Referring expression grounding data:
____

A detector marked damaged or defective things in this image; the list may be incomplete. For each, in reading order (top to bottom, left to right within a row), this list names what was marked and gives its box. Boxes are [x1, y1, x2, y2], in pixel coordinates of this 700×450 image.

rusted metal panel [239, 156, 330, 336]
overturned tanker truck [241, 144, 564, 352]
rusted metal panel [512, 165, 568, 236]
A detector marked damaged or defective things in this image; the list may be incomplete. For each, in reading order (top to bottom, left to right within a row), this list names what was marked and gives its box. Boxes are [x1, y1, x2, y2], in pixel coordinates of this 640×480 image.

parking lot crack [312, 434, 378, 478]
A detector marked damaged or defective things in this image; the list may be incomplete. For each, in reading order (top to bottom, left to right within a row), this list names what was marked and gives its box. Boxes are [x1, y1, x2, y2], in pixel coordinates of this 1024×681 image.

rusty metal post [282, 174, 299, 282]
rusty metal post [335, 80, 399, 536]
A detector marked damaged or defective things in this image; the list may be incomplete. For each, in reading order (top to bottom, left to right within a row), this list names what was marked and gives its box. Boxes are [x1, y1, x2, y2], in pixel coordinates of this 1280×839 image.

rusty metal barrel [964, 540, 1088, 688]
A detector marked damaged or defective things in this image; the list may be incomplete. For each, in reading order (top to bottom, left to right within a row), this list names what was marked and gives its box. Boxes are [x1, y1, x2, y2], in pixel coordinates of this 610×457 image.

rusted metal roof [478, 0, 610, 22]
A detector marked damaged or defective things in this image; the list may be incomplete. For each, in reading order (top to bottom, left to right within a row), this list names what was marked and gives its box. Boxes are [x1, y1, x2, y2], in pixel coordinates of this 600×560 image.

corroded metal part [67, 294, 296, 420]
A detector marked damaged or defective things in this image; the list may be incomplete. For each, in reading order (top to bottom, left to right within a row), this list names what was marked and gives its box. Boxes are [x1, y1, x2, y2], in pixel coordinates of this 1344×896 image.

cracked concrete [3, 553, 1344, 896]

____

- _Problem to solve_:
Write out, please, only the lines from the one with "this 1344×896 image." through the last line above, both included and unchanged.

- _Final answer_:
A detector marked damaged or defective things in this image; the list may be incomplete. For each, in reading order (top to bottom, left to right within a row), this list names what was marked and gives its box. Boxes are [x1, y1, x2, y2], in pixel coordinates of this 1344×896 image.

cracked concrete [3, 553, 1344, 896]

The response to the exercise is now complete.